• Data under study:
- - - - -
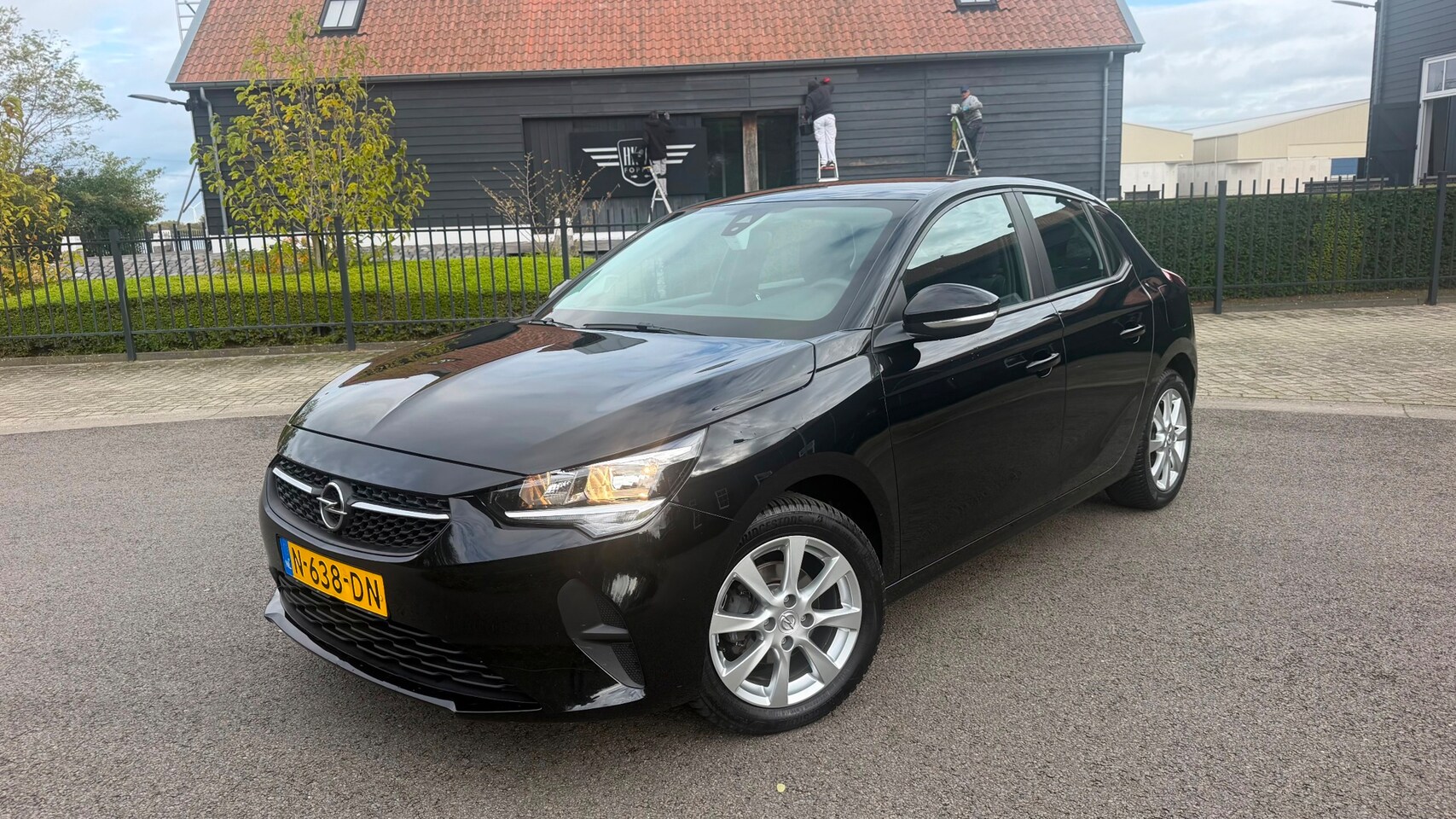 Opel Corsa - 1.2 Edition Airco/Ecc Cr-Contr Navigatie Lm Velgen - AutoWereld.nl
- - - - -
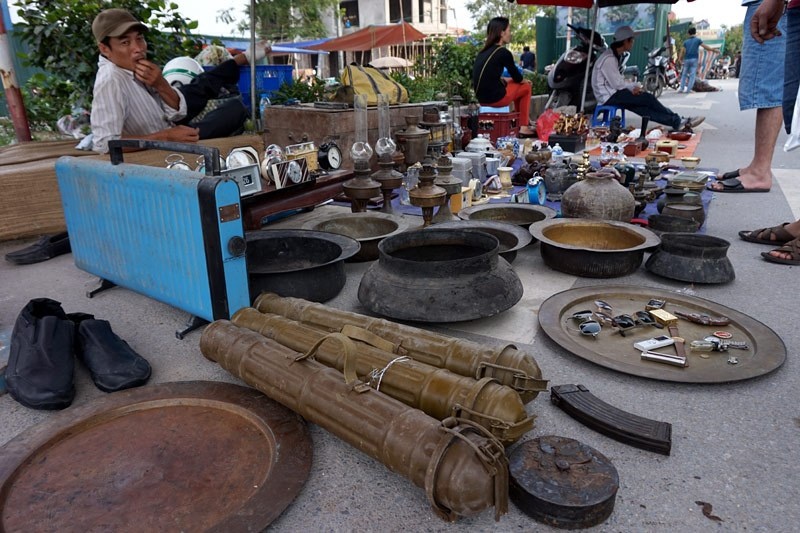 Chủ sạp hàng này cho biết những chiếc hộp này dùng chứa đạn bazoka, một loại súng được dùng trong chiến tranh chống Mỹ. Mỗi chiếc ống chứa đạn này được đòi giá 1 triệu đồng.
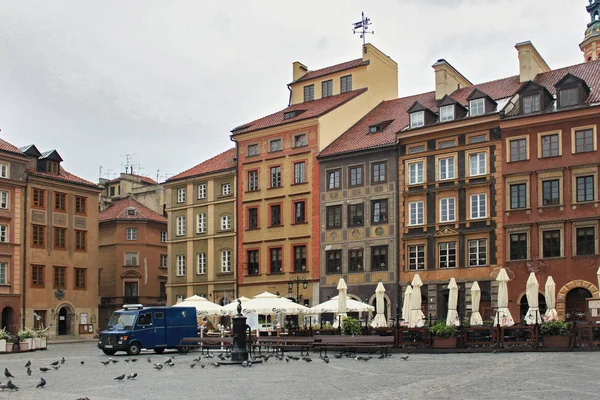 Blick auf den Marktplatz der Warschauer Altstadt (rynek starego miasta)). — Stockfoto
- - - - -
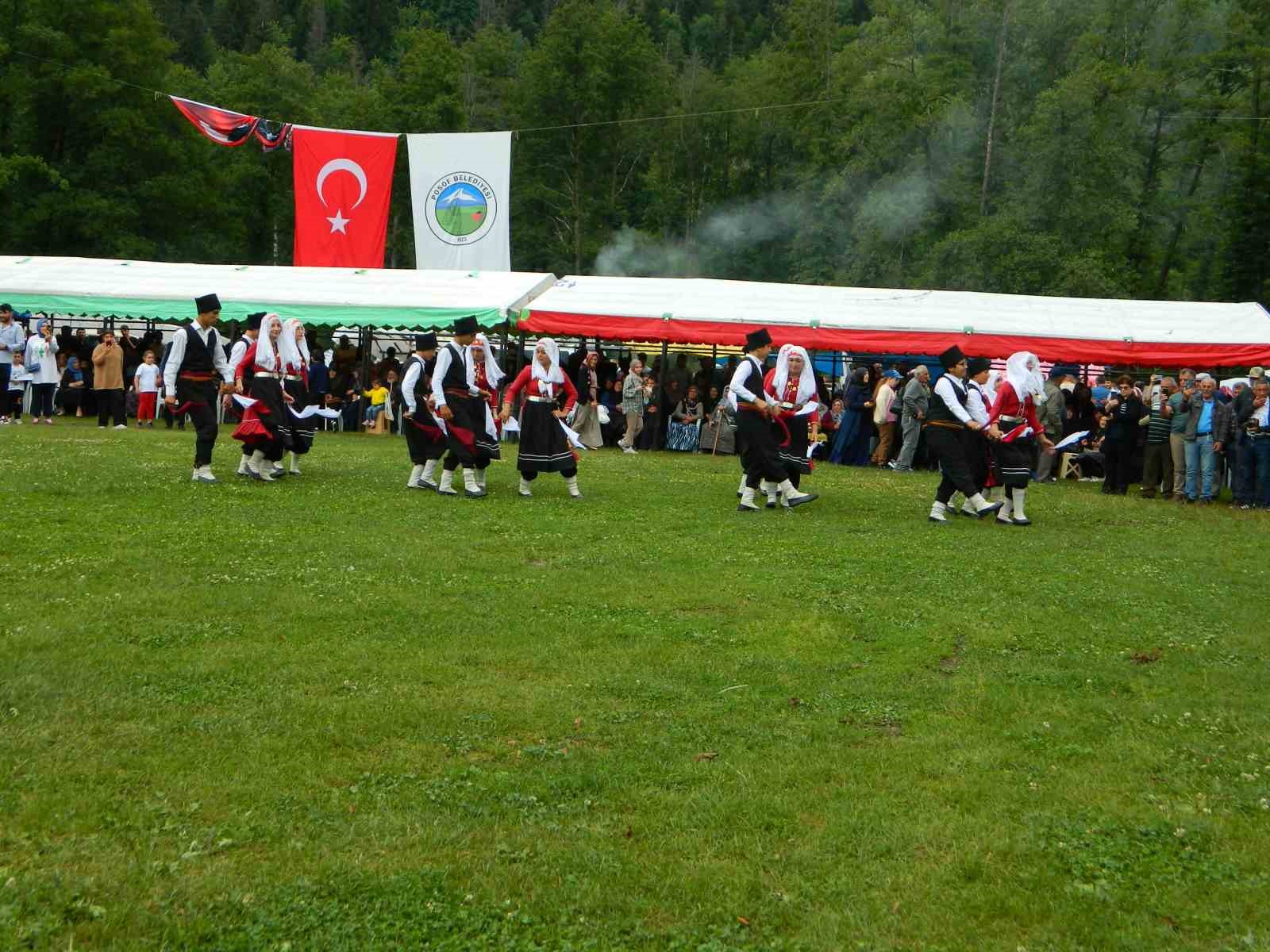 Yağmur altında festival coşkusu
- - - - -
• Problem:
Print an exact copy of the lines above, from the one containing "Chủ sạp hàng" through the one containing "Blick auf den", and leave out the pictures.

• Your solution:
 Chủ sạp hàng này cho biết những chiếc hộp này dùng chứa đạn bazoka, một loại súng được dùng trong chiến tranh chống Mỹ. Mỗi chiếc ống chứa đạn này được đòi giá 1 triệu đồng.
 Blick auf den Marktplatz der Warschauer Altstadt (rynek starego miasta)). — Stockfoto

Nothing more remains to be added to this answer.